### WORK TASK:
All of the records below should be retyped exactly, with no pictures included.

++++++

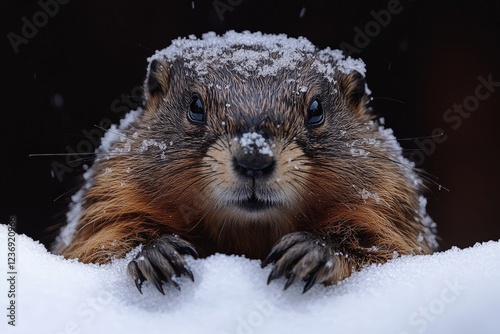 A close-up image of a cute groundhog with snow covering its fur, looking curiously into the camera. The animal is emerging from the snow on Groundhog Day, adding a charming touch to the winter scene. photo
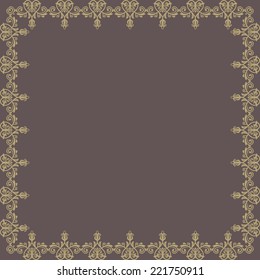Oriental vector frame with damask, arabesque and floral pattern. Abstract background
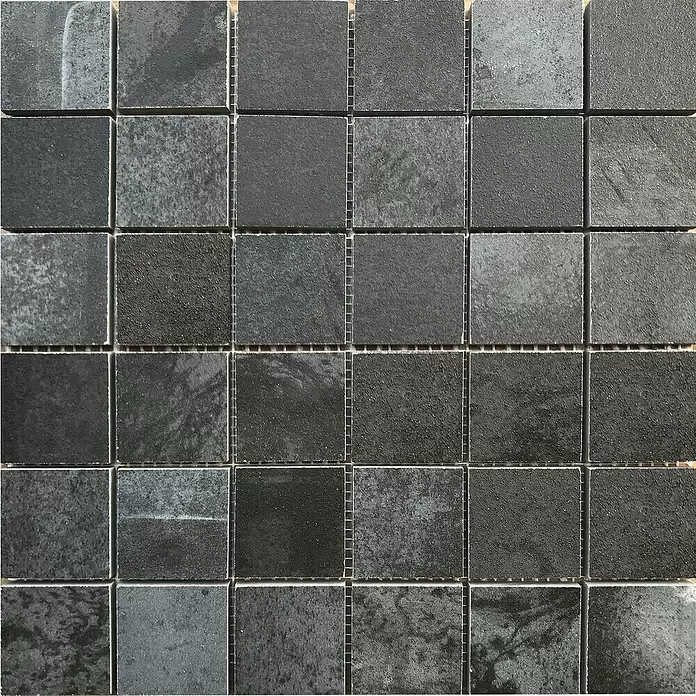 Oxyd Mosaikfliese Oxyd - 30 x 30 cm, Schwarz, Schimmernd - Detailaufnahme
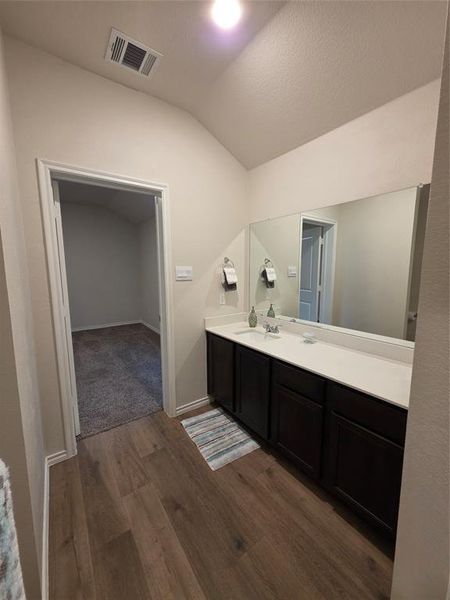 Bathroom with lofted ceiling, vanity, dark wood finished floors, and a textured ceiling Bathroom with lofted ceiling, vanity, dark wood finished floors, and a textured ceiling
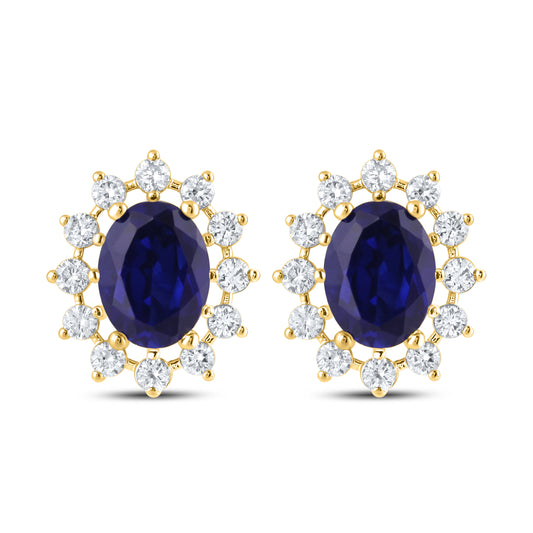 14KT YELLOW GOLD LAB CREATED BLUE SAPPHIRE  0.62 CTW DIAMOND EARRINGS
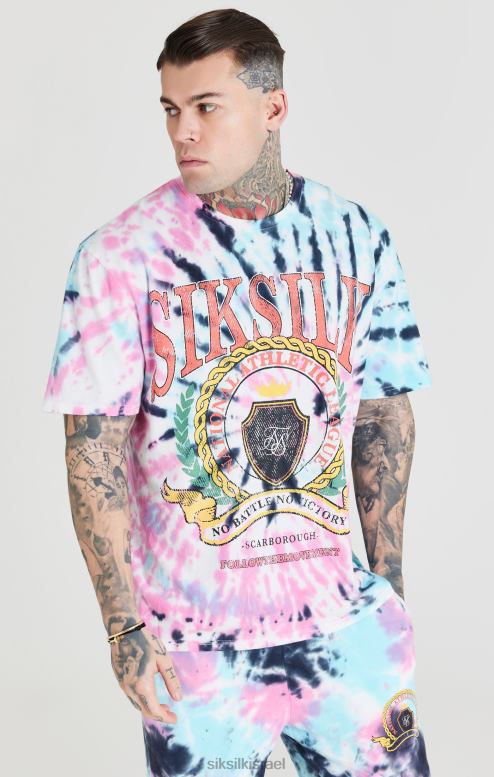SikSilk גברים חולצת טריקו אוברסייז מסוג tie dye D2LH2403 לבוש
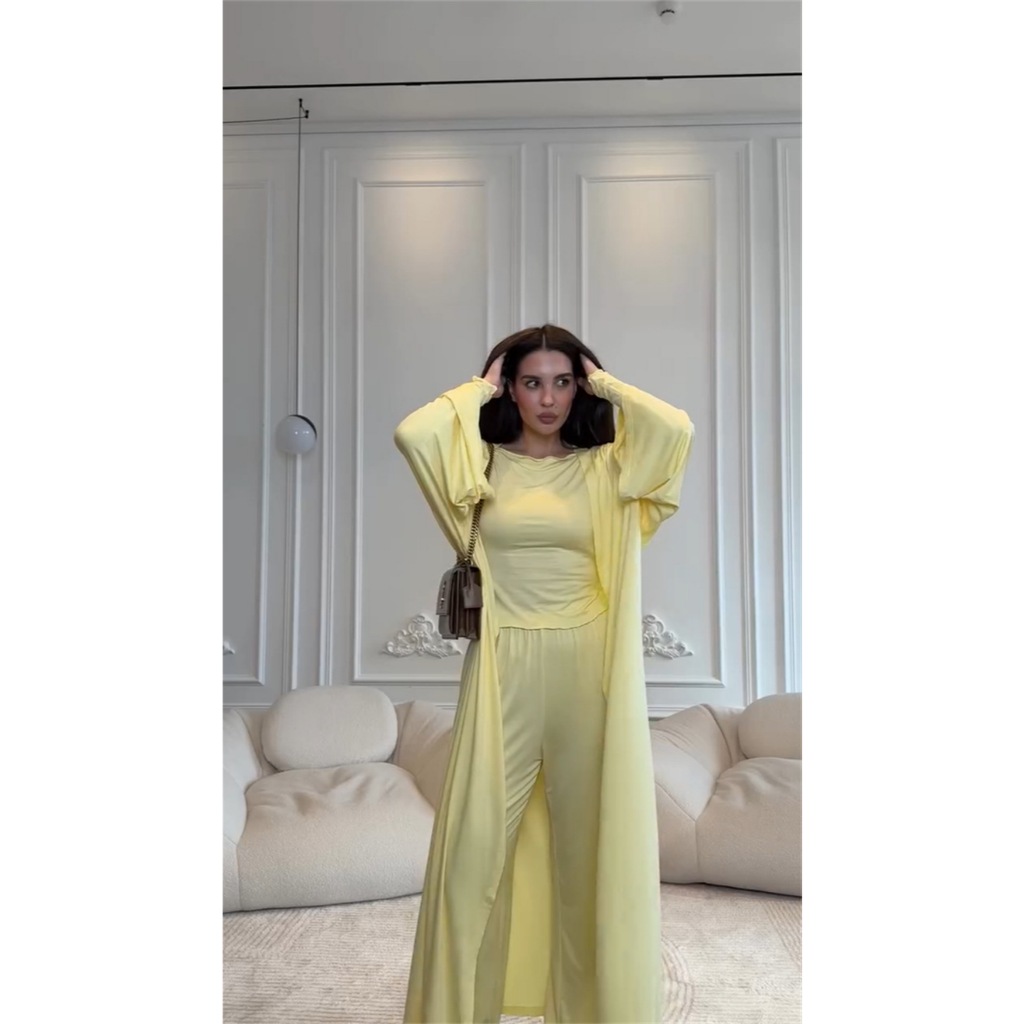High Waist Wide Leg Pants Solid Color Long Sleeve Floor-Length Robe Round Neck Ladies' 3-Piece Set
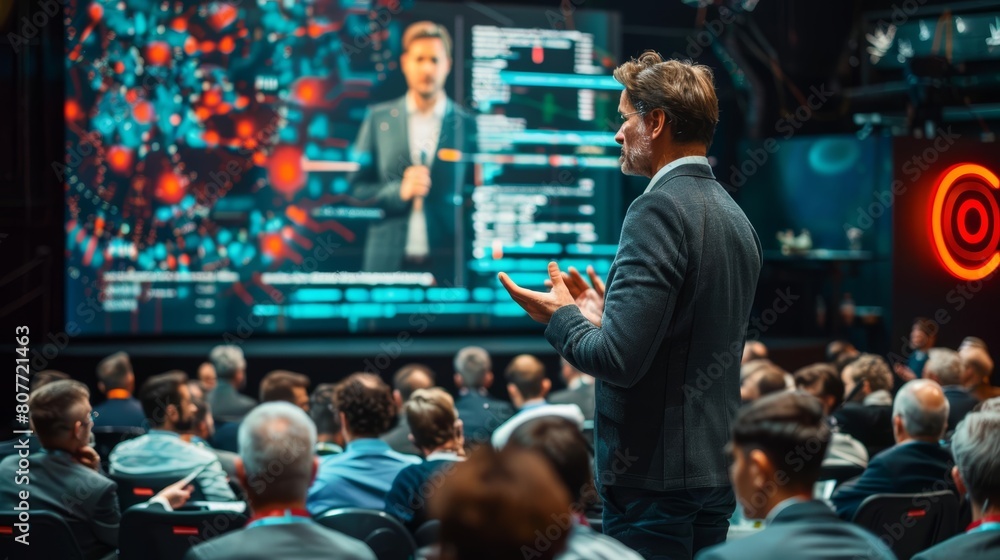 A man in a suit giving a presentation to a large audience at a business conference or symposium on a stage with a big screen and the public sitting in front of him A businessman ma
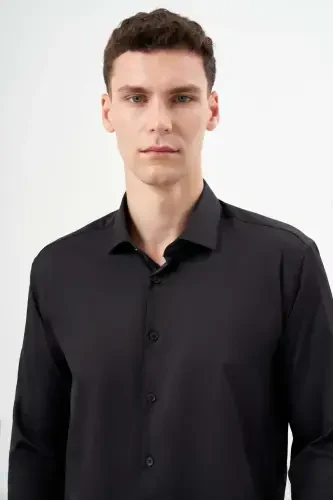 Modazone Erkaklar Qora Asosiy Tekis Naqshli Italyan Yoqali Slim Fit Ko'ylak - 4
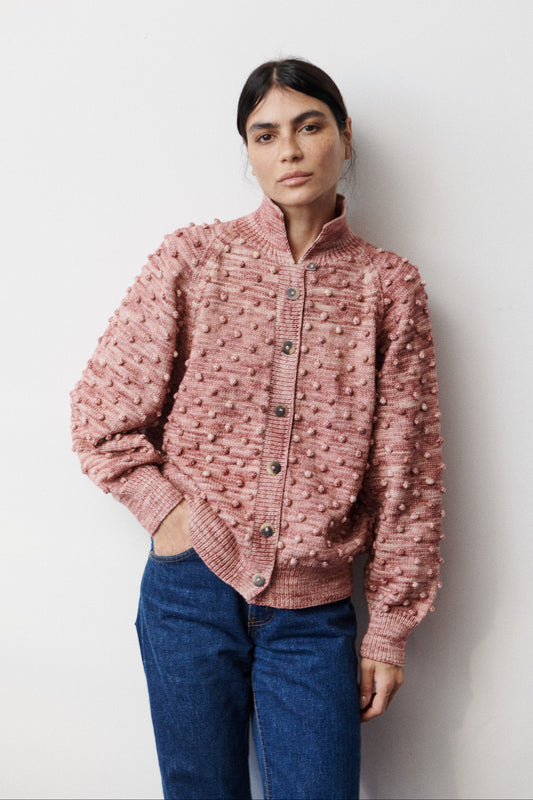 Popcorn Polo Cardigan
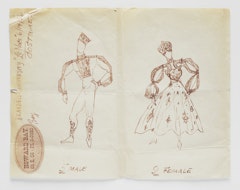 copy of sketched costume study for Les Noces 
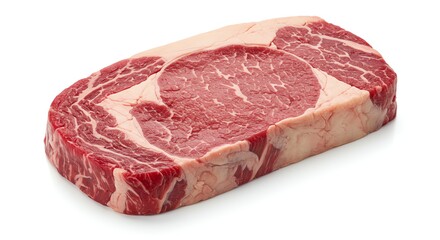 Fresh Raw Steak on White Background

++++++

### TASK ANSWER:
 A close-up image of a cute groundhog with snow covering its fur, looking curiously into the camera. The animal is emerging from the snow on Groundhog Day, adding a charming touch to the winter scene. photo
Oriental vector frame with damask, arabesque and floral pattern. Abstract background
 Oxyd Mosaikfliese Oxyd - 30 x 30 cm, Schwarz, Schimmernd - Detailaufnahme
 Bathroom with lofted ceiling, vanity, dark wood finished floors, and a textured ceiling Bathroom with lofted ceiling, vanity, dark wood finished floors, and a textured ceiling
 14KT YELLOW GOLD LAB CREATED BLUE SAPPHIRE  0.62 CTW DIAMOND EARRINGS
SikSilk גברים חולצת טריקו אוברסייז מסוג tie dye D2LH2403 לבוש
High Waist Wide Leg Pants Solid Color Long Sleeve Floor-Length Robe Round Neck Ladies' 3-Piece Set
 A man in a suit giving a presentation to a large audience at a business conference or symposium on a stage with a big screen and the public sitting in front of him A businessman ma
 Modazone Erkaklar Qora Asosiy Tekis Naqshli Italyan Yoqali Slim Fit Ko'ylak - 4
 Popcorn Polo Cardigan
 copy of sketched costume study for Les Noces 
 Fresh Raw Steak on White Background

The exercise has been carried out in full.